O Ilê Asè Airá Tolami localizado no município de Dias D'Ávila (BA), região metropolitana de Salvador, foi novamente invadido durante o último sábado (11). Foram depredadas todas as casas dos orixás, objetos litúrgicos e furtados objetos de pequeno valor. Apesar de já ter sido alvo de outros ataques como este, a Polícia Civil registrou o caso como furto e dano a coisa de valor artístico, histórico e cultural, e não como um caso de intolerância religiosa.
“Há um entrave institucionalizado em conceber que uma invasão a um terreiro de candomblé, com depredação das casas e espaços sagrados, é racismo”, afirma Camila Garcez, advogada que está acompanhando o caso. Ela também é candomblecista, mestre em Direito Público pela UFBA e membra da Comissão Especial de Combate à Intolerância Religiosa da OAB-BA.
“A gente precisa gritar para ser ouvido, isso é muito cansativo. A líder religiosa Makota Valdina falava que nós não precisamos ser tolerados, precisamos ser respeitados no nosso direito de professar a fé”, desabafa.
Em nota, o Ilê Asè Airá Tolami afirma que as cenas de destruição estavam por todas as partes e que o perfil da invasão demonstra que o objetivo do ato foi inviabilizar as práticas religiosas. Além de realizar o registro junto à Polícia Civil, os integrantes do terreiro também procuraram o Centro de Referência de Combate ao Racismo e à Intolerância Religiosa Nelson Mandela, da Secretaria de Promoção de Igualdade Racial do Estado (Sepromi).
Histórico de violência
Este não é o primeiro ataque violento sofrido pelo terreiro, localizado no bairro Santa Helena, em Dias D’Ávila. Camila Garcez conta que, só em 2018, foram cerca de 10 arrombamentos.

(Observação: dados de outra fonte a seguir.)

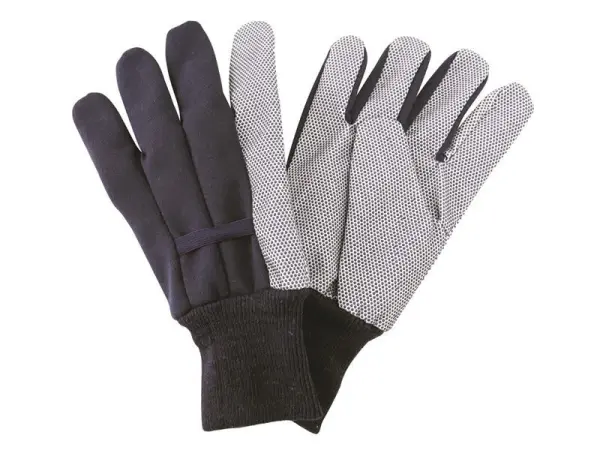 Kent & Stowe Navy Jersey Cotton Grip Gloves - Men's Large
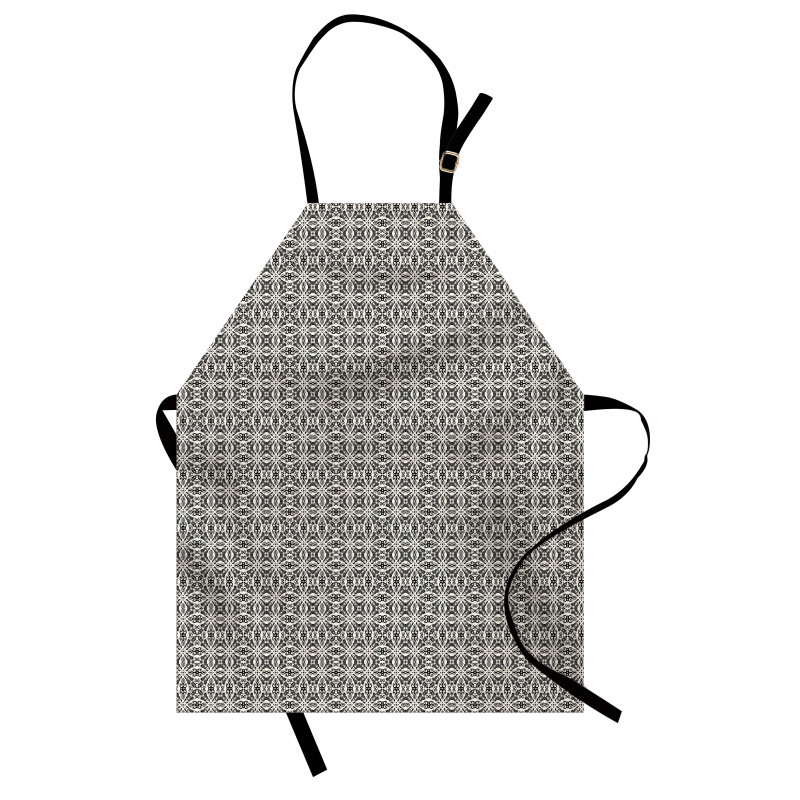 Monochrome Abstract Floral Apron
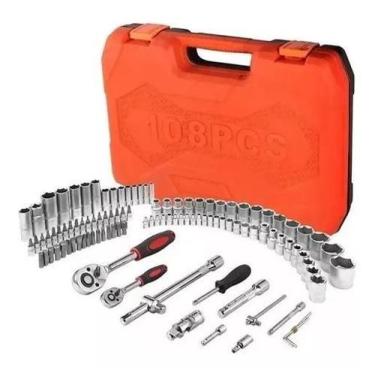 Imagem de Jogo Soquete P Mecânico Aço Crv 108 Pc Catraca Reversível - Nakazaki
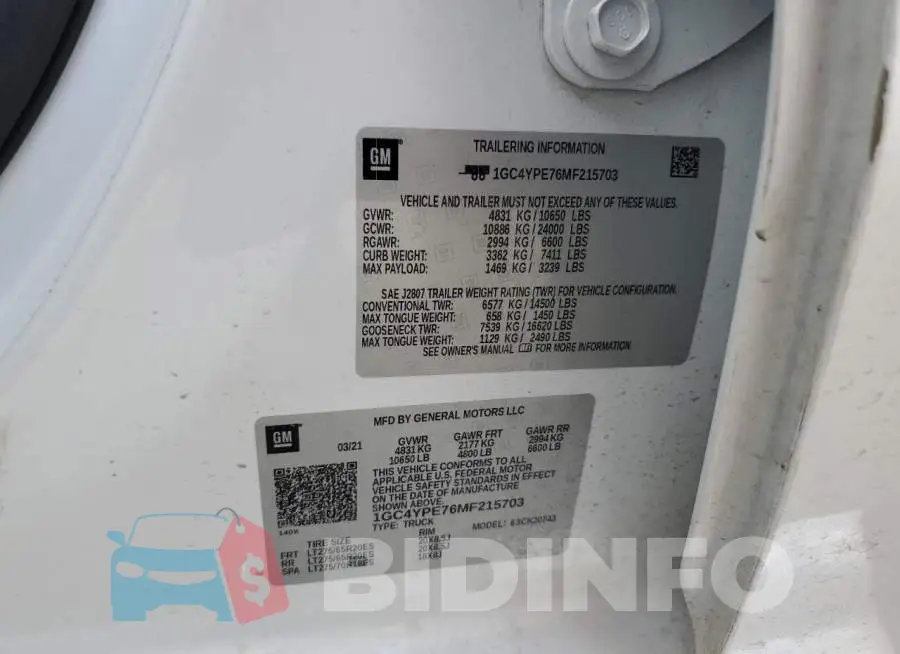 1GC4YPE76MF215703 Photo# 12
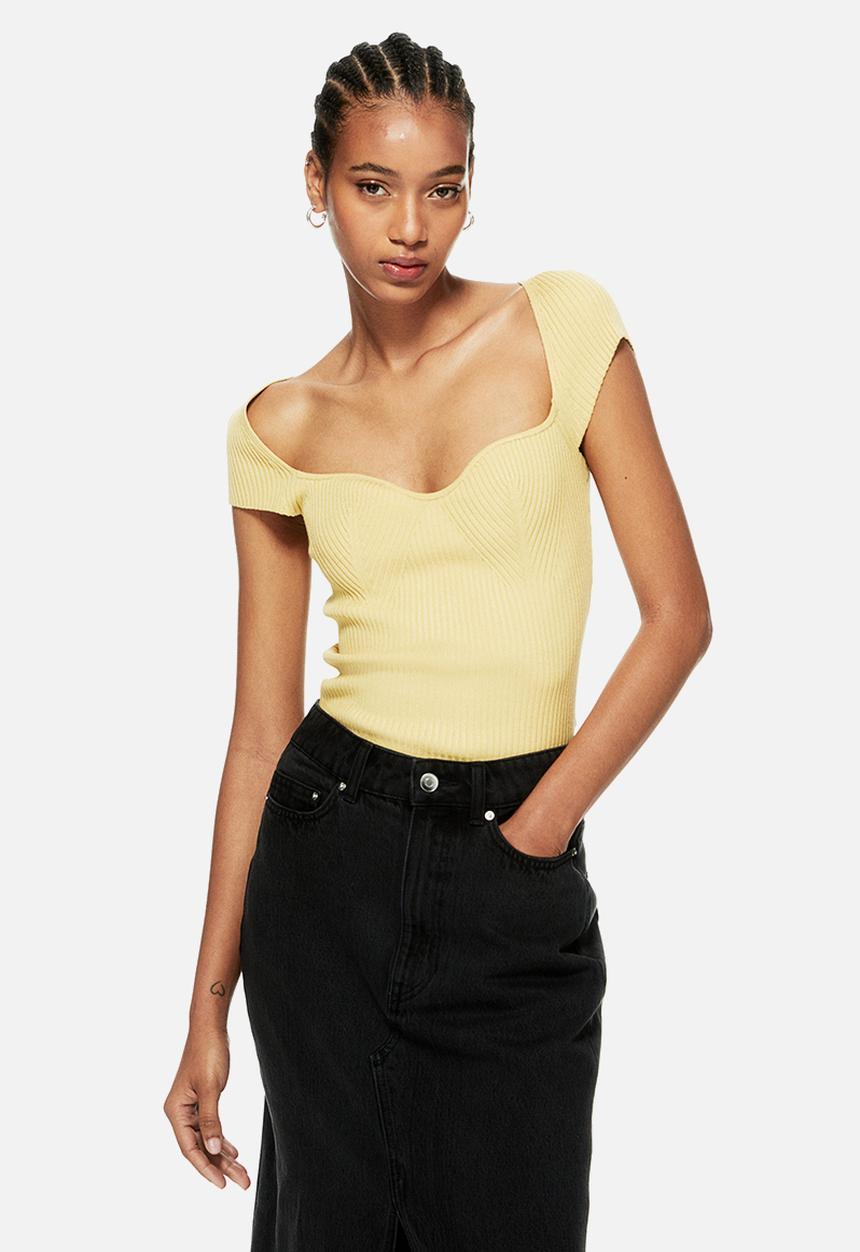 H&M - Rib-knit top - yellow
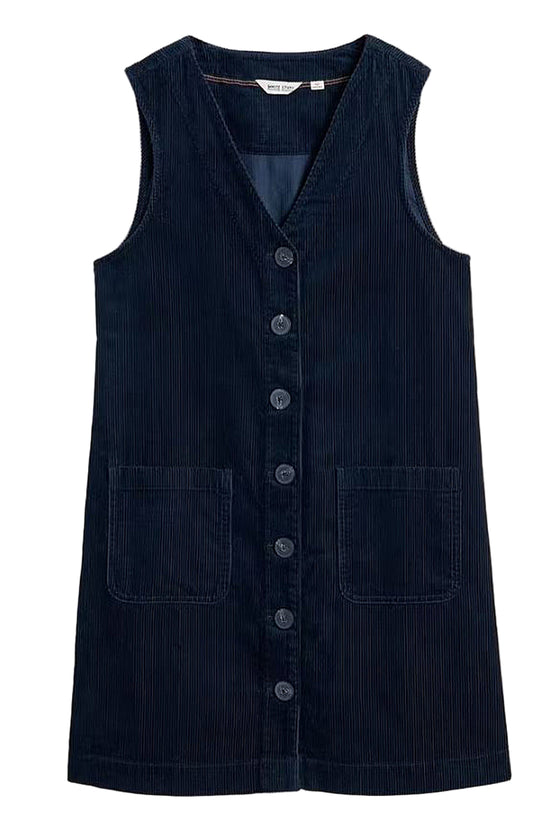 White Stuff Rose Cord Pinafore in Dark Navy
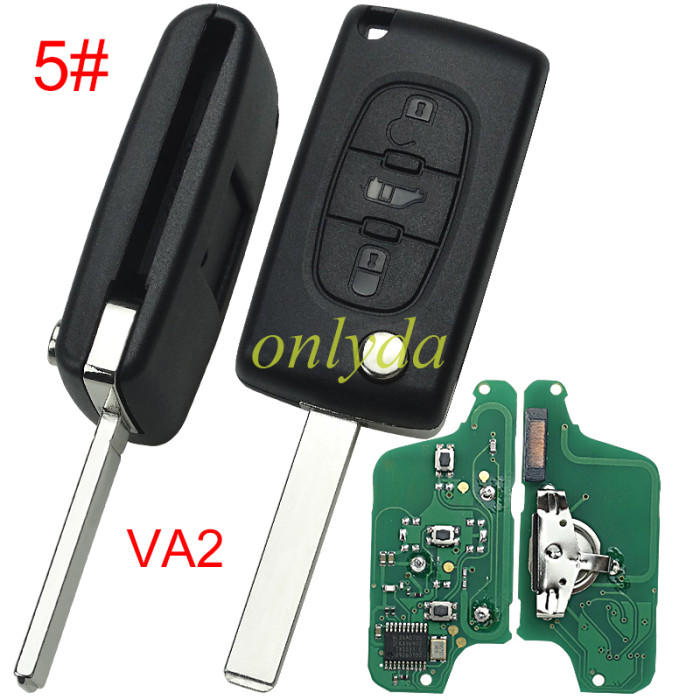 KYDZ Brand Citroen CE0523 3 Button Flip  Remote Key  ASK model  with VA2 and HU83 blade, trunk and light button , please choose the key shell, with 46 chip
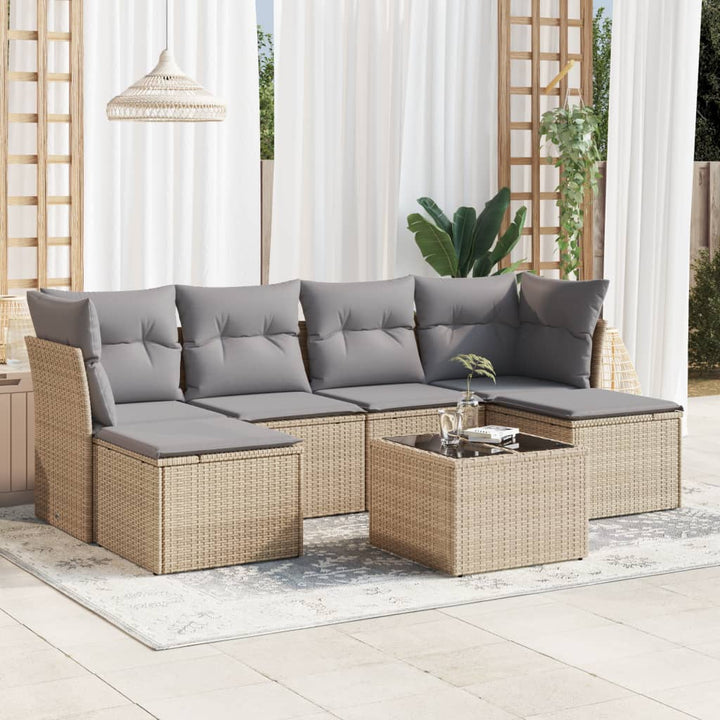 sofasæt til haven 7 dele med hynder polyrattan beige
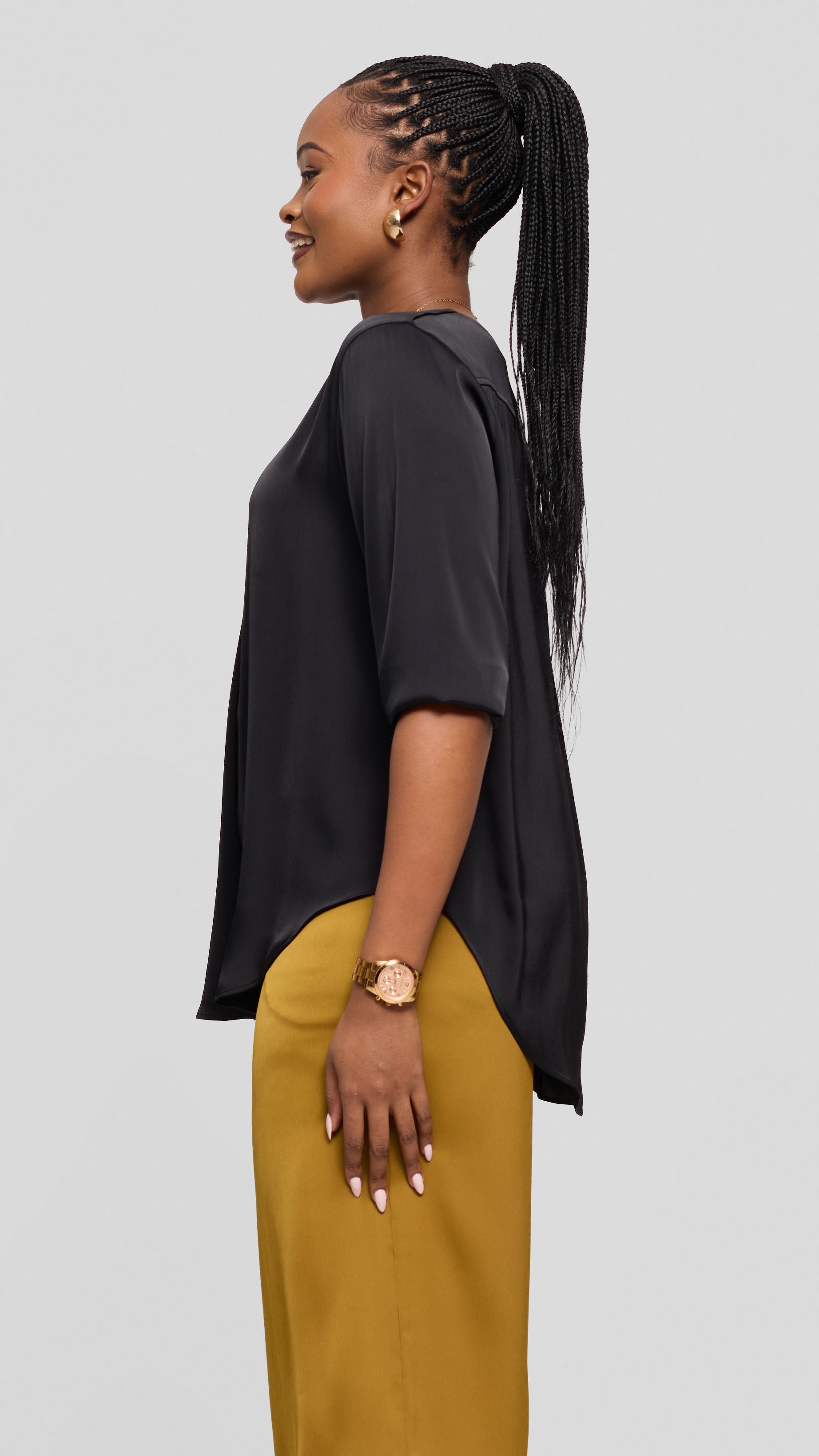 Vivo Dua Shirt in Textured Satin - Black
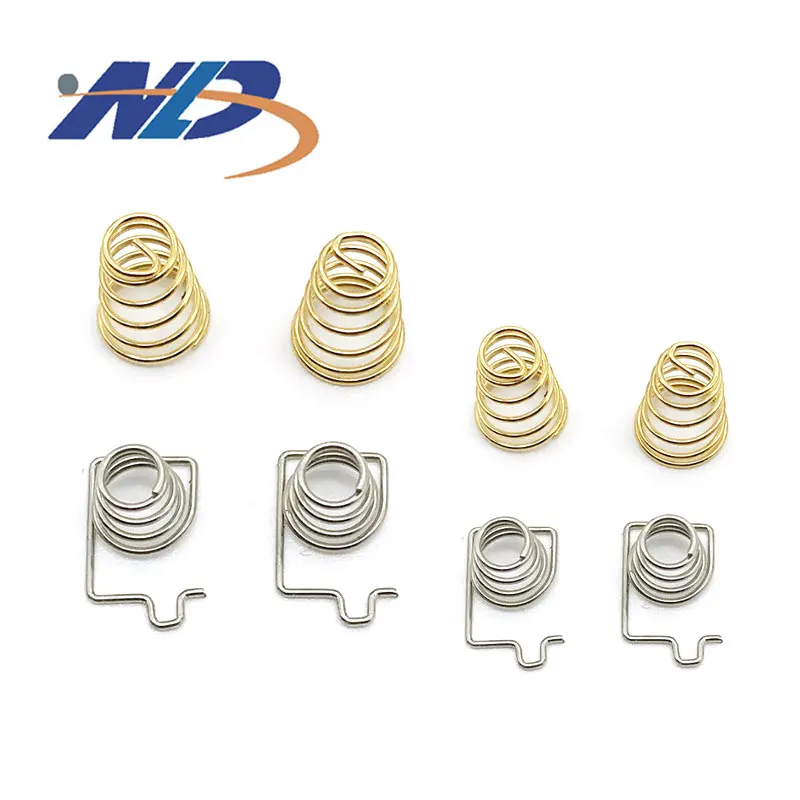 Manufacturer 1mm conical cylindrical tower AA battery copper positive and negative contact compression spring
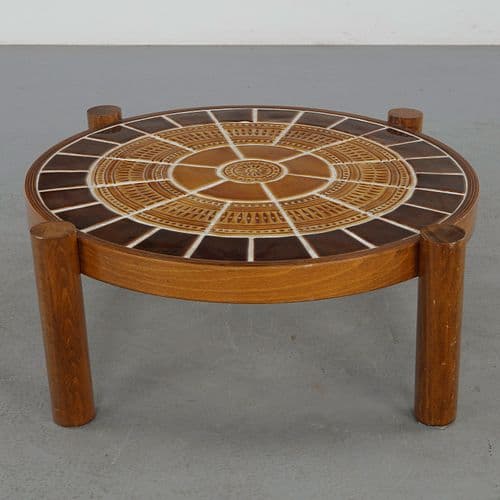 Roger Capron, Ceramic Round Coffee Table, 1960s
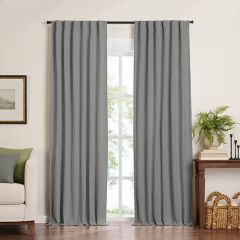 Textured Charcoal Room Darkening Curtain Panel 108 Inch Set of 2
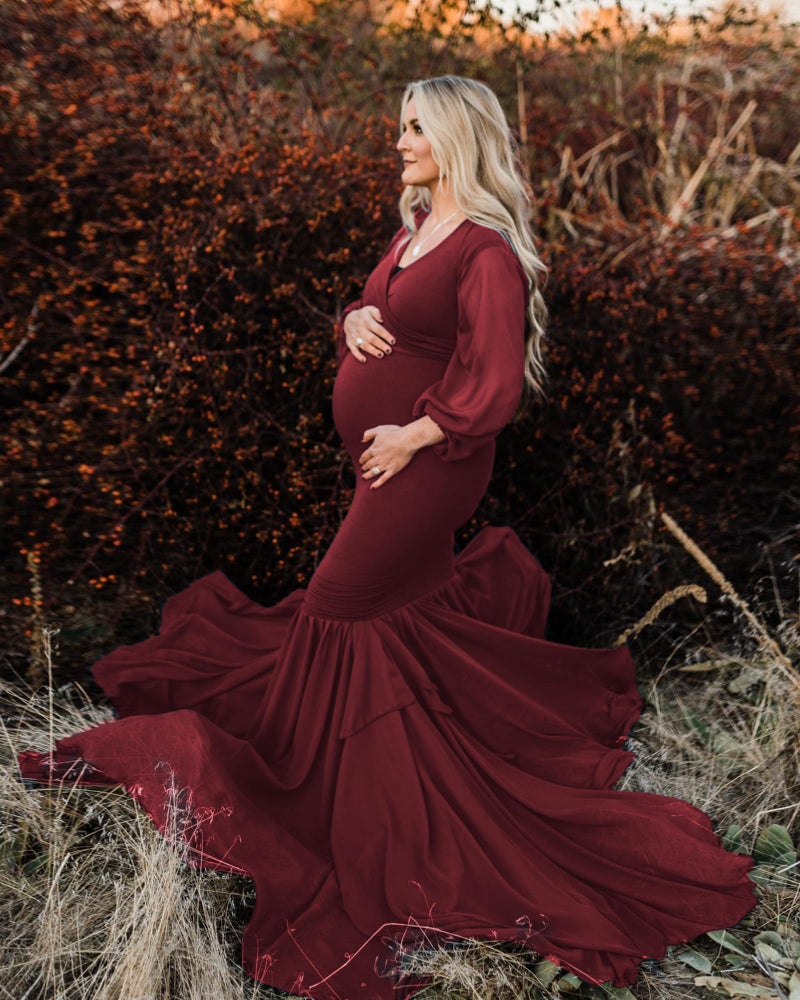Saslax Long Chiffon Sleeve Tired Mermaid Maternity Dress for Photoshoot Photography Baby Shower Burgundy 12 Small - Image 3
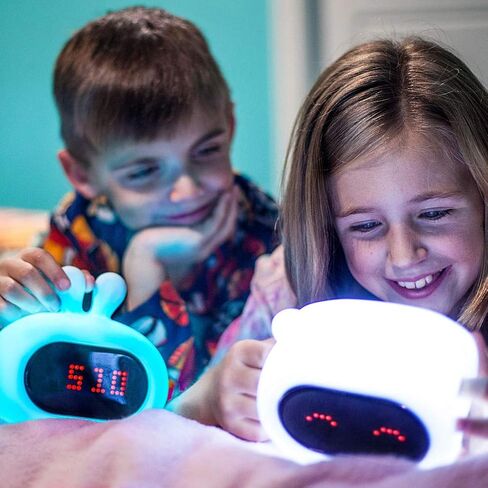 Lumipets Bear Night Light with Alarm Clock, Sleep Training and Sound Machine for Kids, Wake Up Sunrise, Heavy Sleepers Bedrooms, Children's Trainer, Aid, Radio, Ideal Gift, Dual Alarms, Simulation in Kuwait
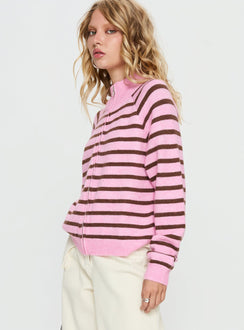 side view of model wearing Princess Polly Kaylei Zip Through Cardigan Pink Stripe regular 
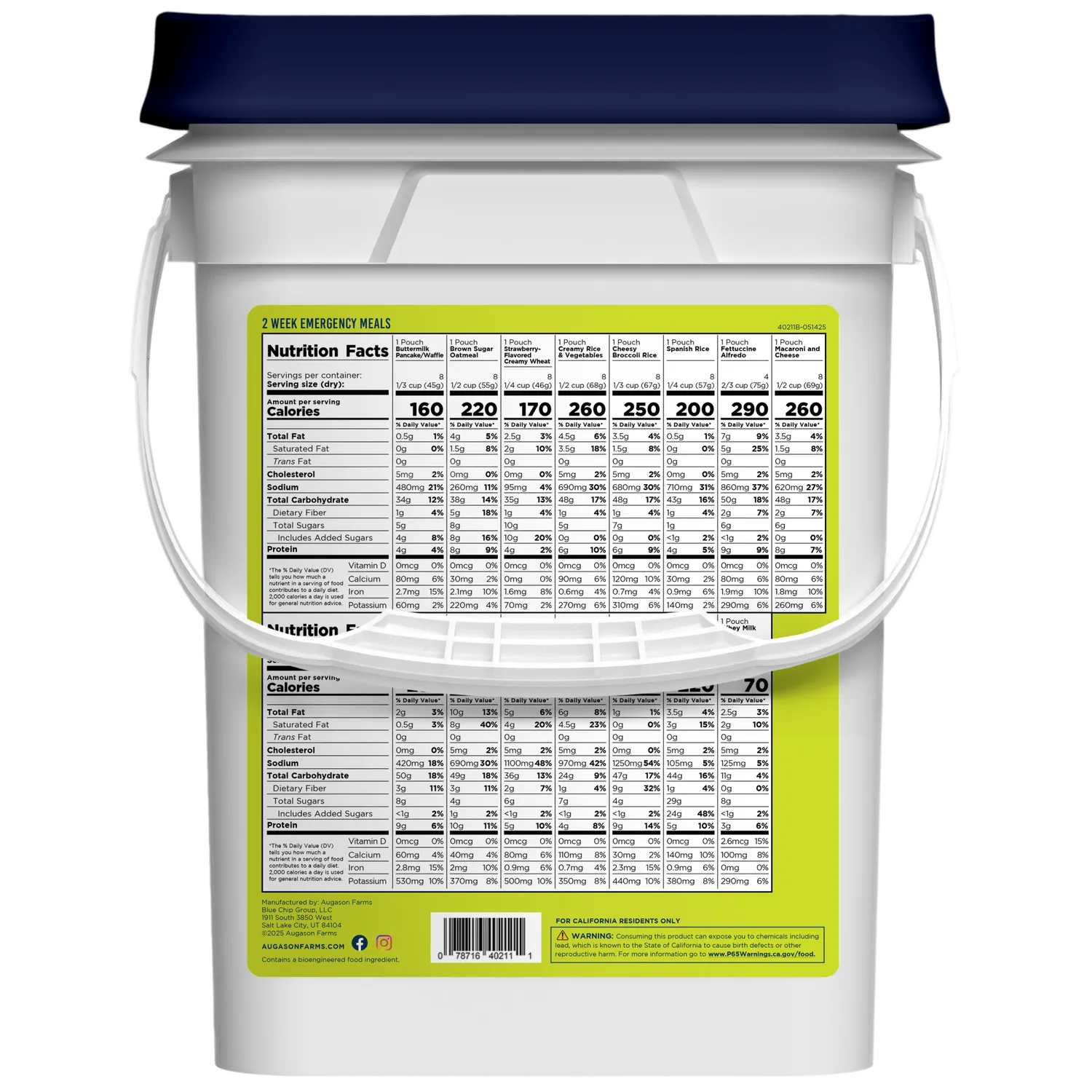 2-Week 1-Person Emergency Food Supply Kit – 119 Servings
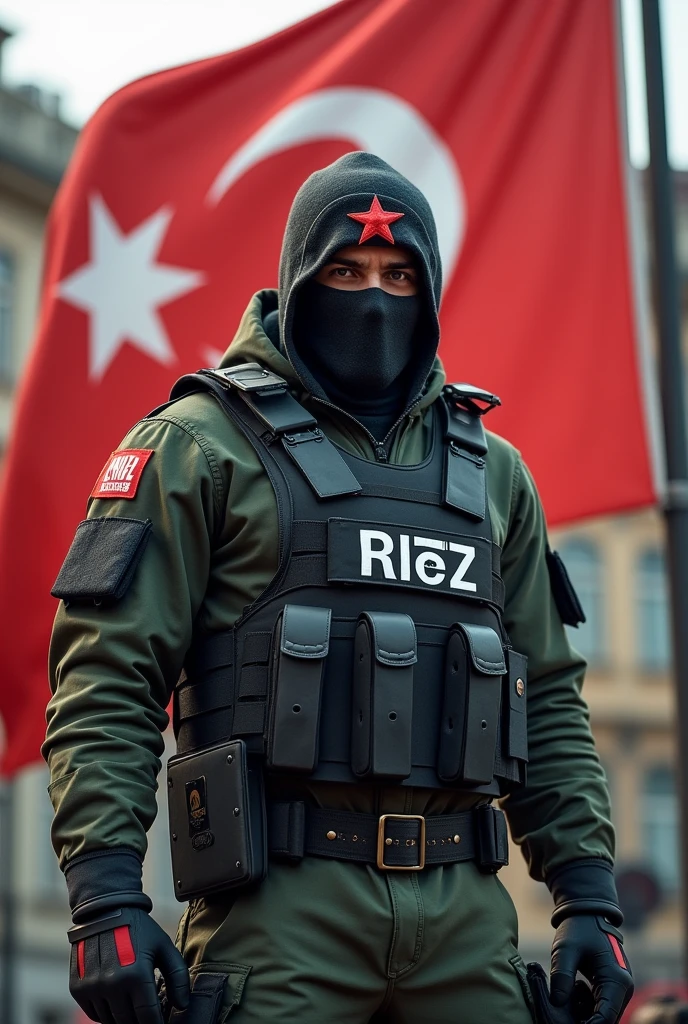 1.75 cm tall, 20 years old, male, 90 kg, with a red star and crescent on his head, a ski mask, a bulletproof vest, REIZ written on the bulletproof vest, a star and crescent flag underneath.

“Nos últimos [arrombamentos], eles não levavam mais nada, só quebravam as coisas, inclusive os telhados”, conta. A advogada explica que, mesmo diante da violência reiterada e da maneira como os ataques se configuraram, a Promotoria de Dias D’Ávila não configurou o caso como intolerância religiosa.
Na nota divulgada pelo Ilê Asè Airá Tolami, os filhos e filhas do terreiro destacam que as denúncias de crimes de intolerância religiosa cresceram vertiginosamente nos últimos anos. E aponta que, só em 2022, foram realizadas 1.200 denúncias deste tipo de crime no Disque 100. A advogada Camila Garcez lembra, no entanto, que existe uma subnotificação dos casos reais de racismo religioso, uma vez que as polícias nem sempre registram os ataques sob essa tipificação, como acontece nos ataques reiterados ao Ilê Asè Airá Tolami.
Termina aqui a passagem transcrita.